I’m about to do the same with the Sanguine and Unicab, and making the Unicab switchable on its own in case I want to use the sanguine without it. Probably won’t get to it for a few weeks but I’ll definitely post the results.


----------



## daeg (Aug 28, 2020)

I run my Unicab at 18v. All that does is allow you to push larger signals through it without any clipping. You'd probably never need it at 18v, but it's a nice-to-have.

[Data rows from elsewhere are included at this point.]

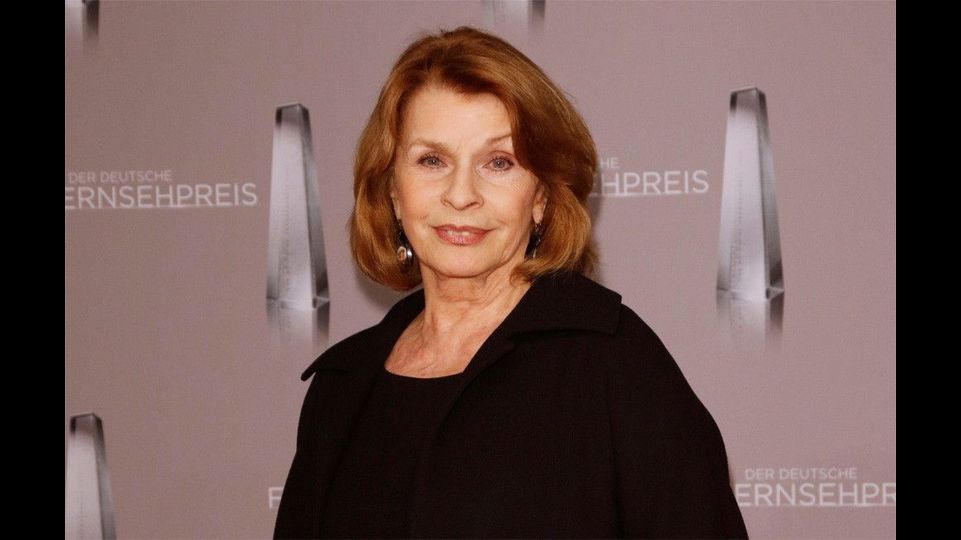 Senta Berger: Nach Sturz operiert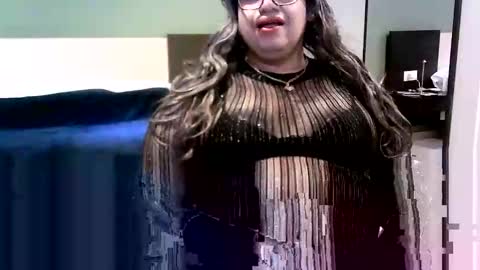 Linda Cross online show from October 29, 2025, 2:03 am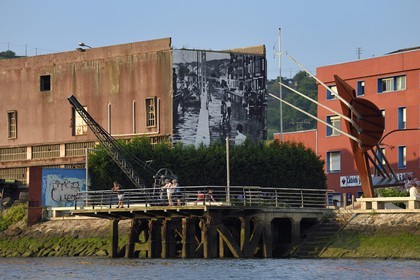 Spain, Basque Country, Biscay Province, Bilbao, Erandio in the neighborhood of Altzaga, going up the river Nervion towards the mouth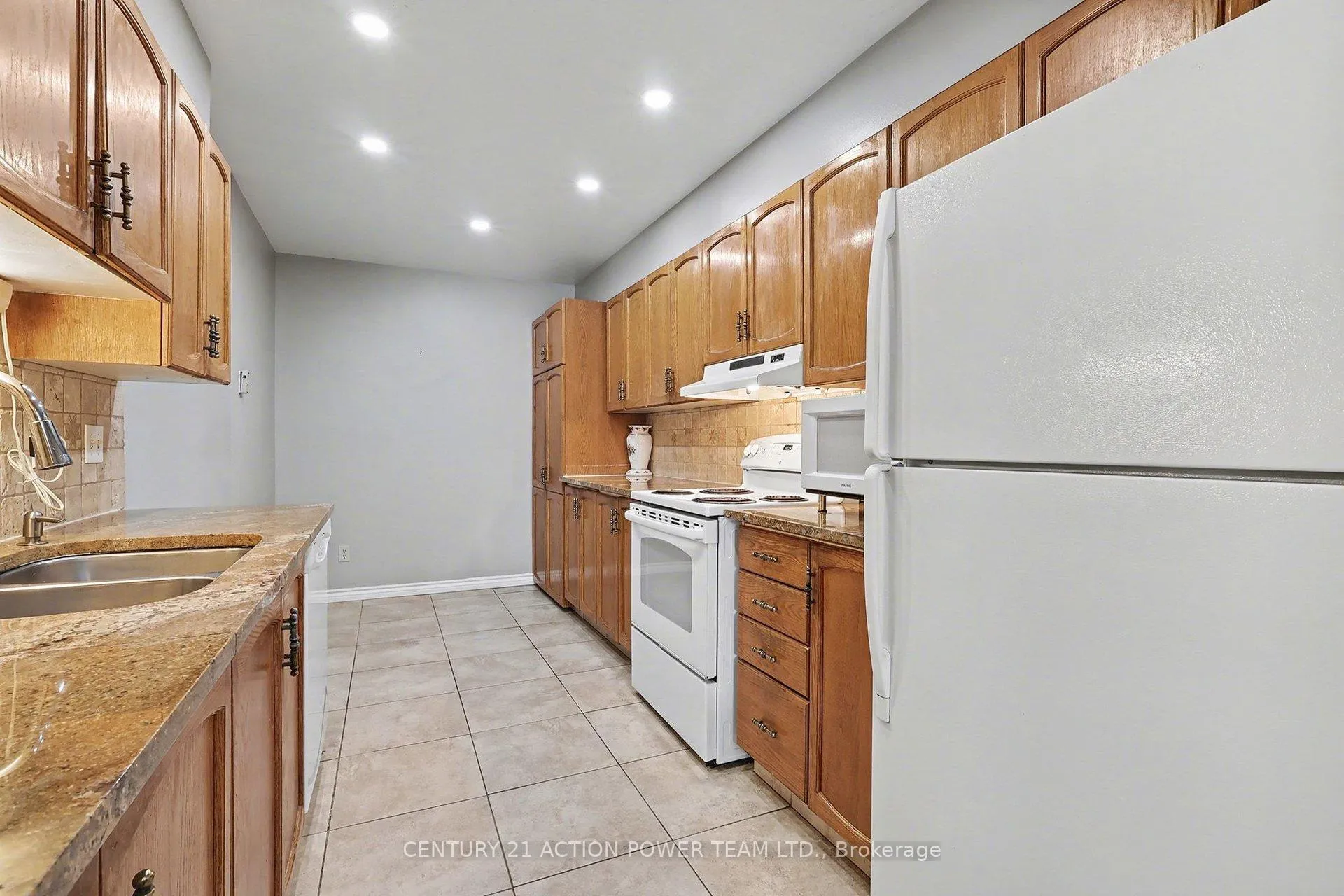 Photo 19 of 82 Burlington Crescent, Ottawa, Hunt Club Park/Greenboro — HOMEH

Just make sure any power-supply filtering caps at 35v. Also, if you're using a True-Bypass Relay PCB, you can potentially go over-voltage to the ATTINY microcontroller via the LED path.


----------



## Danbieranowski (Sep 7, 2020)

whiiiskey said:


> I'll probably set it up so they are just two individual pedals in one 1590DD enclosure with the output of the M800 going to the input of the UniCab plus a DI with XLR for a mixer. I'll have a 16-18v charge pump in there for the DI so I was also thinking about running the M800 at a higher voltage as well (I've seen others have done it). Does anyone know if the UniCab will also support higher voltages? It looks like it shouldn't be problem for any of the components, just wondering if there would be any benefit.
> 
> I've already designed the graphics. Will be using jewel LED lamps, I just need to figure out placement.
> View attachment 6052



Here's what it ended up sounding like doing the Sanguine through the Unicab in one box: https://forum.pedalpcb.com/threads/amp-and-cab-in-a-box-sanguine-distortion-into-unicab.4003/


----------